**To do:** Each of the lines from the one that contains "2023-Angie-Benacquisto-Pt-2-623" to the end of the entries below should be output exactly.

*** Dataset ***

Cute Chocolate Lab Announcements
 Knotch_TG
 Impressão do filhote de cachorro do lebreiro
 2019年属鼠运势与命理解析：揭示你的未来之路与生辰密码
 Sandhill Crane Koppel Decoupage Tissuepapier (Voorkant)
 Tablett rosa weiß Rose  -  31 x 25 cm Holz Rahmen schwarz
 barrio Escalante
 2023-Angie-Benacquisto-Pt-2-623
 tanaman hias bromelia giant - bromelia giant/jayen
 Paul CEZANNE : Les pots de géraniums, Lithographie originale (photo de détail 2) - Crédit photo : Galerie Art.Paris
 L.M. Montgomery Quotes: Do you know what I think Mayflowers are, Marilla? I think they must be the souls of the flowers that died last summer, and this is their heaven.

*** End of Dataset ***

**Response to the exercise:**
 2023-Angie-Benacquisto-Pt-2-623
 tanaman hias bromelia giant - bromelia giant/jayen
 Paul CEZANNE : Les pots de géraniums, Lithographie originale (photo de détail 2) - Crédit photo : Galerie Art.Paris
 L.M. Montgomery Quotes: Do you know what I think Mayflowers are, Marilla? I think they must be the souls of the flowers that died last summer, and this is their heaven.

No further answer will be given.